Maria has become especially bored by Mr. Rushworth by now, although she hides her feelings. Fanny, however, thinks she sees through Maria's pretense. She mentions to Edmund that Maria appears more interested in Henry than in Mr. Rushworth. Edmund disagrees. He believes that Henry likes Julia the most. This causes Fanny some confusion. She relies so heavily on Edmund's considerations that she does not trust her own evaluation. So she continues to watch Maria, seeking confirmation one way or the other of her own intuitions or of Edmund's reflections.
At one point, Fanny is sitting near Mrs. Norris and Mrs. Rushworth, overhearing their conversation. Maria and Mr. Rushworth are paired for their fourth dance in a row, and Mrs. Norris comments on how happy Maria looks. Maria's eyes are sparkling. Mrs. Norris evaluates Maria's countenance and concludes that Maria is very much in love with Mr. Rushworth. Fanny, on the other hand, remembers how for the first three dances, Maria's expressions were much sadder. It was not until Henry entered the room and was dancing near Maria that her face reflected any pleasure.

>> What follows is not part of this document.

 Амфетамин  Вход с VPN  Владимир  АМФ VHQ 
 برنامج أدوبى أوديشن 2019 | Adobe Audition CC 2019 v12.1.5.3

This is Fanny's first ball, but she finds herself sitting on the sidelines, hoping someone will ask her to dance. Tom Bertram enters, sees Fanny, and walks toward her. Fanny hopes Tom is coming over to ask her to dance. But instead, Tom sits down next to her and tells her of a sick horse he had been nursing. He then awkwardly asks Fanny if she wants to dance, adding that he thinks dancing is mere folly. Fanny turns down his invitation. Only when Mrs. Grant approaches him and asks him to join her party at a card table does Tom excuse himself by telling her he had already promised Fanny a dance.
Tom confesses to Fanny his dislike of the social customs expected of him. He did not enjoy the pressure that Mrs. Grant had employed to try to make him play cards with her. She gave him little room to refuse.